The question that remains is if the beating that the FARC has received and the Colombian military’s achievements are temporary episodes or if they mark a strategic trend and thus a change of balance in the confrontation.
Nobody- not the government, academics, the Americans nor the very FARC Secretariat-is clear about just how weakened the FARC is militarily. It’s evident that they are withdrawing their forces and that they are on the defense. But in a long-term war, this does not necessarily mean defeat. However, even sectors sympathetic to the insurgency acknowledge that the guerillas have clearly lost the battle for the support of the Colombian people. The most forceful demonstration of their political isolation was the February 4th march, promoted by the government, in which 10 million people turned out to protest against kidnapping.
The FARC lost the initiative in the war, but thought that they could overcome this retreat by recuperating political initiative through a humanitarian exchange proposal. The year began with the FARC making headlines, convinced that they had a long-term agenda, pushed by the enthusiasm of Venezuelan President Hugo Chávez.

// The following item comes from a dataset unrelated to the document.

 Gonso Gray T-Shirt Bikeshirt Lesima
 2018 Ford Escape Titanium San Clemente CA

The calculation of the FARC was to build an international setting that would put President Álvaro Uribe against the ropes and launch a negotiation platform that would give the guerillas their yearned-for room for political negotiation. But nobody could have predicted that things would turn out so badly for the insurgency. Although at the request of Chávez and Senator Piedad Córdoba the liberation of seven hostages was achieved, those same liberations highlighted the internal communications weaknesses within the FARC and, worse, the serious command and control problems.

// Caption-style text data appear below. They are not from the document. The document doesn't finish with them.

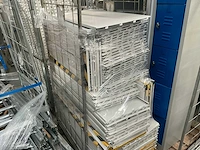 Magazijnstelling, circa 50 meter - afbeelding 3 van  5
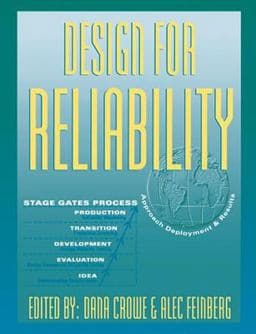 Design for Reliability 9781420040845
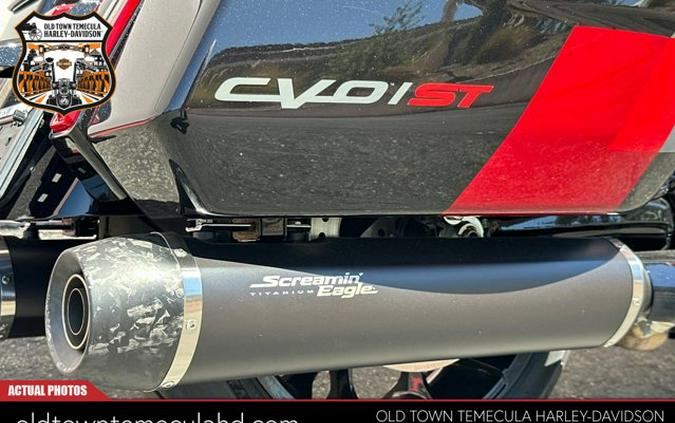 2025 Harley-Davidson FLTRXSTSE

First was the Emmanuel episode. Emmanuel, the son of Clara Rojas who was born in captivity, was promised to be released without them even knowing that he was not even in their hands. In March came the attack against “Raúl Reyes” in Ecuadorian territory, which not only was remarkable for him being the first member of the FARC Secretariat to die as a result of an attack by the Colombian military but also because his death left a big part of the international strategy of the FARC hanging in the balance.
The FARC’s international strategy is considered to be a strategic flank in their military activities because of the access it provides to border areas, and because it is a critical element of its political strategy. From that bombardment, the government obtained a powerful information and propaganda weapon: the computer of “Reyes,” which neutralized much of the international support that the guerrillas had abroad.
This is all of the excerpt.